> TASK REQUIREMENTS: Reproduce exactly, and only, the lines below from the one containing "PawHut-Pet Gate-Acier-80x4x76cm-Blanc" through the one containing "enjoying a cup".

> DATA EXTRACTS:

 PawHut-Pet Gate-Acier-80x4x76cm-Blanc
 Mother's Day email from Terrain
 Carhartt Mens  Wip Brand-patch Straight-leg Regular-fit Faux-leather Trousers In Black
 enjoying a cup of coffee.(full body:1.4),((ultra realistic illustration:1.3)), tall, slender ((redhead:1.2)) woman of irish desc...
--
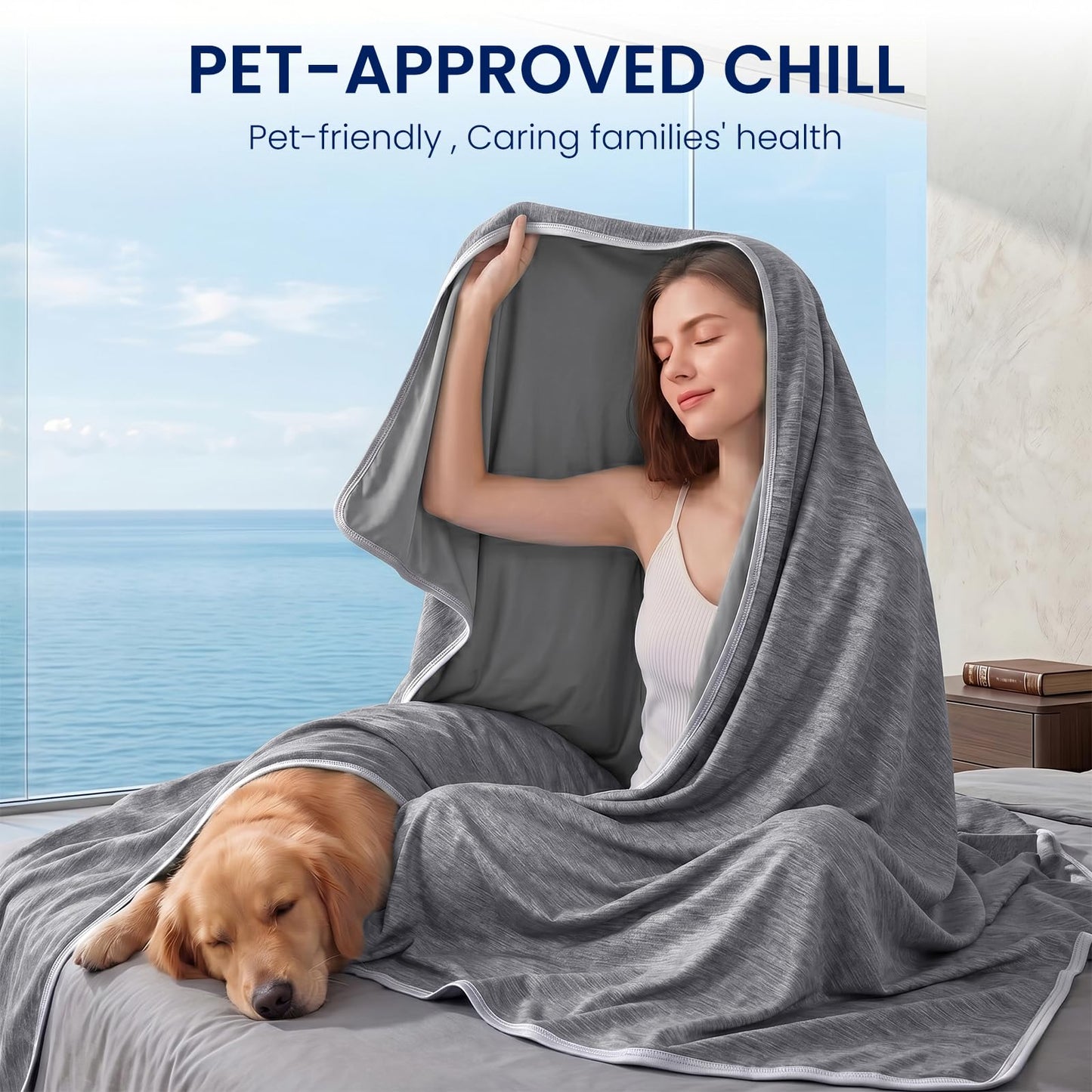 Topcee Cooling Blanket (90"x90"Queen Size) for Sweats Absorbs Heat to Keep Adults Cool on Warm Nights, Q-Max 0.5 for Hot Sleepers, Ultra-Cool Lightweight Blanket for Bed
---
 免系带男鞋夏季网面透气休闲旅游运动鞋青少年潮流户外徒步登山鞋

> ANSWER FOR THIS EXERCISE:
 PawHut-Pet Gate-Acier-80x4x76cm-Blanc
 Mother's Day email from Terrain
 Carhartt Mens  Wip Brand-patch Straight-leg Regular-fit Faux-leather Trousers In Black
 enjoying a cup of coffee.(full body:1.4),((ultra realistic illustration:1.3)), tall, slender ((redhead:1.2)) woman of irish desc...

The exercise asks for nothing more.